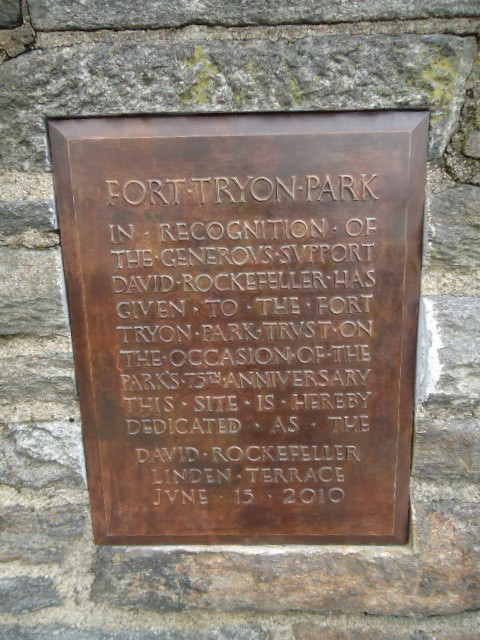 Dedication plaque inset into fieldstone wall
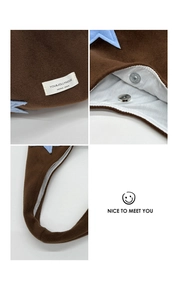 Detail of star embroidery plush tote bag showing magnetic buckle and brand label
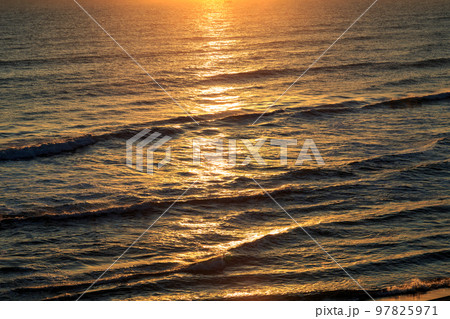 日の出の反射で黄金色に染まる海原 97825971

* PROBLEM: Once the pictures are set aside, give the rest of the listing again exactly.

* SOLUTION TO THIS PROBLEM:
 Dedication plaque inset into fieldstone wall
 Detail of star embroidery plush tote bag showing magnetic buckle and brand label
 日の出の反射で黄金色に染まる海原 97825971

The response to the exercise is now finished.